RECORDS PROVIDED section start
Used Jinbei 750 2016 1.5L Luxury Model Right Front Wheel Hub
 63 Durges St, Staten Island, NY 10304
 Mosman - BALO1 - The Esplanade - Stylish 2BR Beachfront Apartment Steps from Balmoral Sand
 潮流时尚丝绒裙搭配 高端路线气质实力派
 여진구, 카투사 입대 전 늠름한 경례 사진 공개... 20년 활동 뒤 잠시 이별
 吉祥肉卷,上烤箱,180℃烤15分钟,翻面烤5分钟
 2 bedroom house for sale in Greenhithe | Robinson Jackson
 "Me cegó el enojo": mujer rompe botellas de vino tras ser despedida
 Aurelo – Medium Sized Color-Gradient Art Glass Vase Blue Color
RECORDS PROVIDED section end
* **WHAT THE TASK ASKS**
Leave out every line before the one containing "2 bedroom house"; set down that line and all remaining lines of the material exactly.

* **WRITTEN ANSWER**
 2 bedroom house for sale in Greenhithe | Robinson Jackson
 "Me cegó el enojo": mujer rompe botellas de vino tras ser despedida
 Aurelo – Medium Sized Color-Gradient Art Glass Vase Blue Color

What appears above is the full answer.